Still polishing up your moves now might pay off. Mutual fund investors could see taxes take an increasingly bigger bite from their returns unless they know how to protect their portfolios.
It's clear where taxes are headed, now that the federal government is trying to get its fiscal house in order after spending heavily to rescue the financial system and get the economy going again.
"Taxes are going to have to go up," says Christopher Davis, a Morningstar fund analyst. "There's no way that you could even come close to balancing the budget or bringing the deficit down to normal levels by just cutting spending." Fund investors -- especially wealthy ones -- will want to watch how Congress responds to a proposal in President Obama's newly released budget. Next year, he wants to raise the capital gains tax rate from 15 to 20 percent for families making more than $250,000 a year, and individuals making more than $200,000.
If that's you, and Congress goes along with the change, shave 5 percent off any profit you see from selling investments held outside a tax-deferred account, such as a 401(k). Capital gains are triggered when you lock in profits by selling for more than your purchase price.

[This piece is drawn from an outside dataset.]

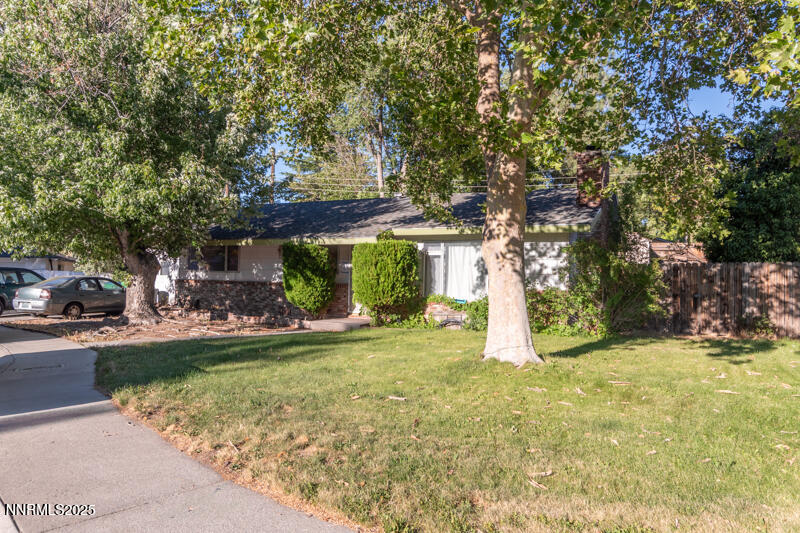 810 Lahontan Way (1 of 1)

Even if you're not well-off, expect more of your income to be diverted in coming years as federal, state and local governments raise taxes and fees to repair recession-damaged budgets.
For investors, now is a good time to take a fresh look at tax strategies. Here are four considerations:
Decide what type of account is best: You can go a long way toward reducing a potential tax bill if you know where to hold specific investments. Rules vary, but in tax-deferred retirement accounts, earnings on your investments grow tax-free. Only withdrawals from the account are taxed. The appreciation on stocks and most bonds is taxable, so in most cases they're best kept shielded in accounts like IRAs or 401(k)s.
With a taxable retirement account, you'll pay taxes on sales, dividends and capital-gains distributions each year. So that's the ideal place to keep nontaxable investments, like municipal bonds.
Consider munis: Investors don't have to pay federal taxes on dividends from muni bond funds, which invest in local and state government bonds. Muni funds are also free of state taxes if they limit investments to the state where you live. So while muni returns are typically modest, your after-tax returns can look pretty good compared with taxable funds investing in stocks and corporate bonds.
Their draw is particularly strong if you're in a high tax bracket. So consider whether munis' tax-protected status will offset the higher pretax returns you'd normally expect from investing in a taxable bond fund. You want to look at tax-equivalent yield. It tells you how big of a return you'd need from a taxable investment to equal the return of a tax-free bond.
The formula is: The tax-equivalent yield equals the tax-free interest rate divided by (1 minus the tax rate). So an investor in the 33 percent tax bracket would need an investment yielding 7.4 percent to match a 5 percent tax-free return.